Murony, I agree that books and movies are very different things and usually you do end up with an apples to oranges comparison. Viewers, who are disappointed in a film based on a loved book, often complain about factors like the plot being changed, some characters missing or acting very differently than their literary counterparts, whatever, that sort of thing: a very direct comparison of the two works involved. But these things, as you imply, can be due to films being a different beast altogether; and that compromises/changes are often necessary, dictated by the art form itself. No argument there. What I’m interested in is simply the emotional impact of the work. Psycho was a good example because it was faithful to the book and yet was a far more intense experience. King’s The Dead Zone directed by Cronenberg wasn’t nearly so slavish; and the result was (in my opinion) a more satisfying work of art than King’s book. It may still possibly be apples and oranges but I’m not talking about a direct point by point comparison.

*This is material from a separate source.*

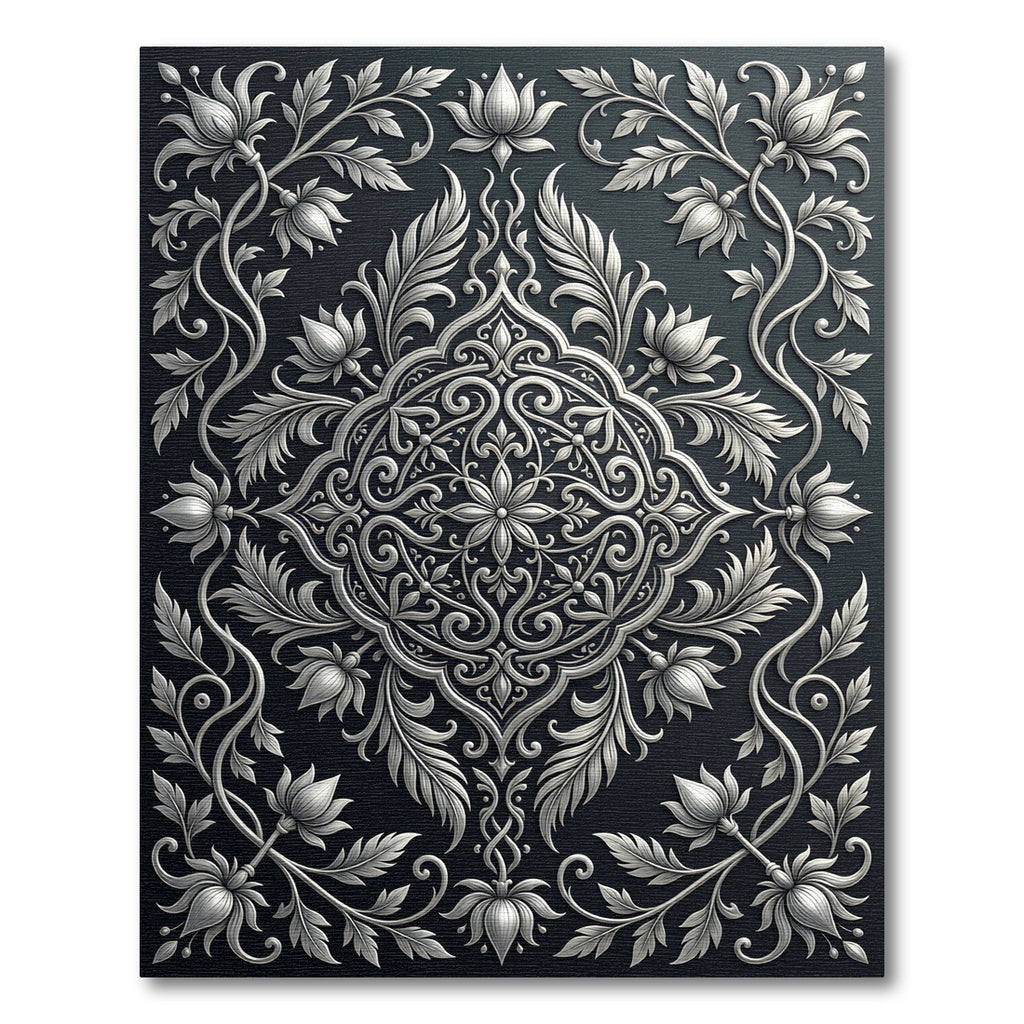 Elegant Silver Lotus Vine Relief Rug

I just find it interesting when a director creates something superior to its source, one reason being that it’s much more of a rare occurrence … I may be mistaken about this—if I am someone out there will correct me—but I seem to recall a writer—I’m pretty sure it was Ligotti--saying in an interview something like If you’ve watched Silence of the Lambs why would you bother reading the book? There’s an implied comparison there, at least in the sense that the two works were attempting to achieve the same emotional reaction.
Jeeze, Murony, we already have a list of movies better than their books.


BTW, The Thing is my favorite Carpenter film by far! If only Carpenter had avoided one or two missteps in the final minutes of the movie. Kurt Russell is an actor I really enjoy but having him hurl both an obscenity and an explosive at the creature was a little too macho for me; it belonged in a lesser film.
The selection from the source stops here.